FORGOTTEN TOMB 2015Label: Agonia Records

Spielzeit: 51:56 Min.

Genre: Black Metal

Info: Facebook

Album kaufen: sm-metal-shop

Hörprobe: Youtube

VÖ-Datum: 17. April 2015

 

Da bringen im selben Monat die beiden Großmeister des Suicidal Black Metal (Herr Kvarforth und Herr Morbid) ein neues Album heraus. Was früher zur Steigerung der Selbstmordrate in finnische Dimensionen geführt hätte, bringt heute eher Diskussionen hervor... Wie die Zeiten sich doch ändern!

Denn wie schon bei Shining (hier unsere Kritik zum Album) bewegen sich auch Forgotten Tomb immer weiter weg von der reinen Lehre des Depri-Black Metal. Während der Schwede aber "softer" wird und in Richtung Rock schielt, geht es bei den Italienern immer härter zur Sache! Schon der Opener "Soulles upheaval" hat einen ausgesprochen aggressiven Charakter, was sich angenehm durch das gesamte Album zieht.

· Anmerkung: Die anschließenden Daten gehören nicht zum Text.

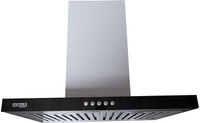 Kkolar Olive Plus 60 BF Wall Mounted Chimney(Silver 1080 CMH)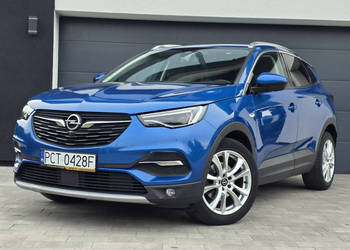 Opel Grandland X 1 wł *BEZWYPADKOWY* full LED* AUTOMAT* skóry* ACC* orygin…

Man darf jetzt natürlich keine Knüppel-Gewaltorgien der Marke "Panzerfaust" erwarten, so weit gehen Forgotten Tomb (noch?) nicht. Es handelt sich vielmehr um gnadenlos geile Black Metal "Stampfer", die nicht selten mit einer gehörigen Rock-Schlagseite daherkommen. Klingt komisch? Nee, klingt verdammt gut! Ähnlich wie bei Kollege Kvarforth ist es nämlich auch hier die geniale Stimme des Herrn Morbid, die schon ganz allein für eine bösartig/abgefuckte Atmosphäre sorgt.

Aber auch wenn es noch langsamer in den Songs wird, so findet man keine Rückbesinnung auf alte Depri-Tage, sondern dann wird es auf "Hurt yourself...." Sogar richtig doomig und auch dies meistert die Band ganz hervorragend. Schade ist nur, dass Herr Morbid, im Gegensatz zum Vorgängeralbum "...and don't deliver us from evil" auf seinen Klargesang diesmal komplett verzichtet.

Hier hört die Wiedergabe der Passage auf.